Celeste Coltellini (26 November 1760 - 24 July 1828) was an Italian soprano. She was a well-known singer of opera buffa in Europe in the late 18th century.

Born in Livorno, Celeste was the daughter of a librettist, Marco Coltellini. In 1780, she made her debut at Teatro alla Scala in Milan, performing in three operas: Giovanni Valentini's Le nozze in contrasto, Giacomo Rust's Gli antiquari in Palmira and  Giovanni Paisiello's La Frascatana,  singing in mezzo-soprano register.  She then sang at Teatro San Carlo in Naples, where she had the opportunity to meet Emperor Joseph II, who later invited her to perform in Vienna.

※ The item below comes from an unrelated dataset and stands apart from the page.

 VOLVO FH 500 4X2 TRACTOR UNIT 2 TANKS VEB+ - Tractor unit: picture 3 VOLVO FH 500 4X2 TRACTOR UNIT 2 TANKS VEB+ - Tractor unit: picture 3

When her voice changed to soprano, she accepted the Emperor's invitation. In 1785, she went to Vienna with her mother, and stayed there for a year. In Vienna, she made her debut singing Domenico Cimarosa’s Contadina di spirito. She returned to Vienna again in 1788, but stayed just for a few months. She was seen with Mozart several times at music performances and parties, however, there was no record or any official report mentioning about any affairs or collaboration works between them.

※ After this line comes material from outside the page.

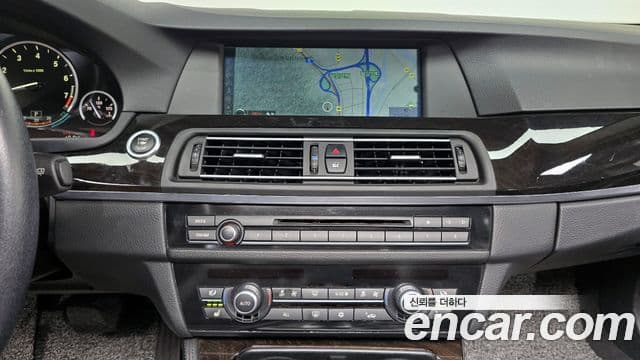 BMW 5시리즈 (F10), 2011 18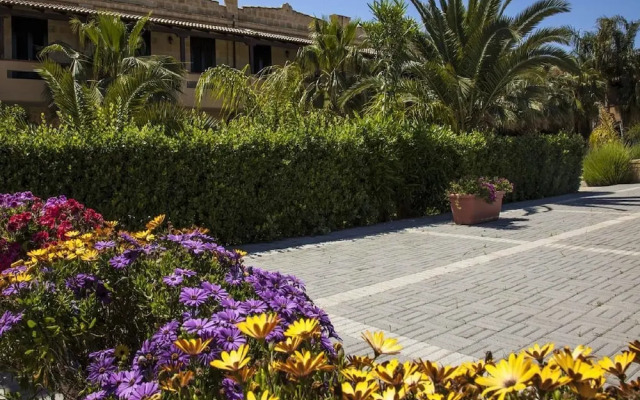 Spacious Aparyment in Campofelice di Roccella with Pool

Coltellini was famous for her excellent interpretation of the title role in Nina, o sia La pazza per amore by Giovanni Paisiello. Her sister Annetta, also a singer, often accompanied her in the production.

In 1792, at the age of 32, Celeste retired from the opera stage and married the Swiss banker Jean-Georges Meuricoffre who owned a bank in Naples.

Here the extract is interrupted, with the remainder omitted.